Hospitals make no sense.
My husband has been sick this week. We thought it was the flu, so I made him soup and herbal teas and let him rest as much as he needed. But the other night he was looking flushed. His heart rate was skyrocketing, erratic and he had a fever. Time to go to the ER.
We got into the van and...
Nothing. The battery was dead. Apparently the brake light switch was shorted out and drained the battery dry. We weren't going anywhere.
After a few calls, one of the deacons just happened to be at church at the time, right around the corner from our house. He had room for one person, so he took my husband to the ER, then came back for me. Thank You Jesus for cell phones!

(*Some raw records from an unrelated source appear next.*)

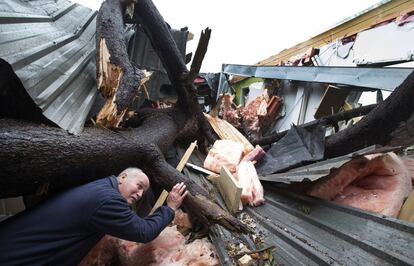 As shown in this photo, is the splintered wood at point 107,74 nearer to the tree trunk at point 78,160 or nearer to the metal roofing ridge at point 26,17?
the tree trunk at point 78,160

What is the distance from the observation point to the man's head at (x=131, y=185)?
1856 millimetres

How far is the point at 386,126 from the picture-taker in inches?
89.4

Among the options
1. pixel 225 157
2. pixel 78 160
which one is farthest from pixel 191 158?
pixel 78 160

I found my husband in a very crowded ER. I hate the ER. It's supposed to stand for Emergency Room, but we all know there's nothing "emergency" about it. Back in the olden days before the government got involved, you could go to an ER and get taken in right away. Now you sign in and they make you wait. Then register. Then wait. Then take your vitals. Then wait again.

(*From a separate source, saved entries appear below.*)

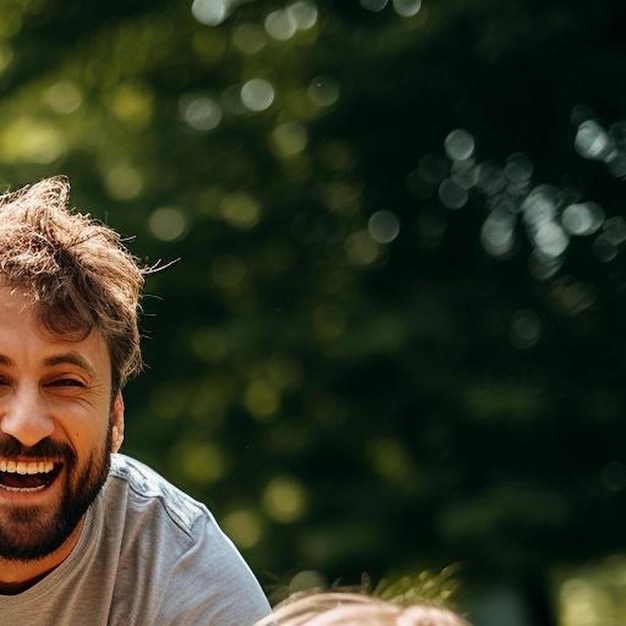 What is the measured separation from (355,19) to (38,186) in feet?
17.9

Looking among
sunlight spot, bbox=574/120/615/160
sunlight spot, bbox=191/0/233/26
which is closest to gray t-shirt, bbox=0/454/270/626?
sunlight spot, bbox=574/120/615/160

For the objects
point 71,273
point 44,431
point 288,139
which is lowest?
point 44,431

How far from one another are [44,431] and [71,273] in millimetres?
333

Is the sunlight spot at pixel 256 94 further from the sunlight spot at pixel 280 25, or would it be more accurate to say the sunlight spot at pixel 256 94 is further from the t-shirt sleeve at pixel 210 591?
the t-shirt sleeve at pixel 210 591

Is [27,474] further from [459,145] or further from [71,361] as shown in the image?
[459,145]

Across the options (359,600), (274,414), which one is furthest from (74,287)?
(274,414)

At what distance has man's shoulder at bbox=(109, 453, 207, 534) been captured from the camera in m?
3.29

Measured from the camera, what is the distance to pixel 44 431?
2943mm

We got there just before 9pm. It was now almost midnight. I went to the registration desk. I interrupted a very enthusiastic conversation about a popular magazine's article.
"Excuse me, " I politely interrupted, "Can I ask a silly question?"
The woman sighed and gave a reluctant smile. "Sure."
I smiled to reassure her I wasn't going to"go postal" (or in this case "go ER") on her and asked "Why does it take so long to get service in the ER? It kinda defeats the purpose of 'emergency', don't you think?"
She leaned forward in her seat, folding her hands and taking the 'I'm-about-to-lay-some-knowledge-on-you-so-pay-attention' pose. "Most of the patients here aren't emergencies- that's why we take vitals beforehand. Anyone in need of immediate attention gets priority and is sent back sooner."
I nodded. "So, if someone comes in that's in dire need..."
"....will go ahead of everyone else." she finished for me.
"And how many doctors are on staff at the moment?" I asked, looking about the crowded ER.
"One right now." she replied. "We had two until ten, but after ten, only one doctor for the night shift."
I was astounded. "One? Why are you so understaffed?"
She chuckled. "We're not. Every ER is like this."
I held out my hands in exasperation. "Okay, wait a sec- let me get this straight. This is an Emergency Room."
She smiled. "Yes."
"With one doctor."
She smiled wider. "Yes."
"And a million patients."
She nodded. "That's right."
"So my husband and I will be here for a very long time."
She smiled again. "Probably."
I grinned and gestured back and forth between her and me. "Do you not see the irony in this?"
She chuckled again. "I do, but that's the way it is."
"Thank you. I'll go back to my seat now and hope we'll be called sometime before the Second Coming."
She just laughed and went back to her conversation.
I sat next to my husband and told him not to die before we got called in.
Lucky for us, we were called within an hour or two. After x-rays and blood work, we were told he had a viral infection. He was prescribed aspirin for the racing heart and told to do exactly what I've been doing this whole time. Six hours of waiting (and probably a nice sized ER bill) to be told to do what we've been doing. I'm in the wrong business.
Now we had to get home. It was almost 3:30 and his cousin he works with would be getting up for work soon. He said to call if we needed a ride home, so we did- he lost and hour of sleep but gained our eternal gratitude- it would've been a long walk home.
I think we need to re-educate the medical community. Emergency should be emergency, not "wait until you collapse before we see you" nor should it mean a six-hour wait. One woman said her husband was brought in by ambulance at 1:30 and she was still there when we arrived! He was taken in just an hour or so before because they discovered he had appendicitis. So they were in the ER even longer than we were. Apparently even being brought in by an ambulance doesn't mean it's a true emergency either. Sheesh!
I think ER's should be renamed- it should be called what people yell when they get there- AARRGH!
And they wonder why people don't like hospitals!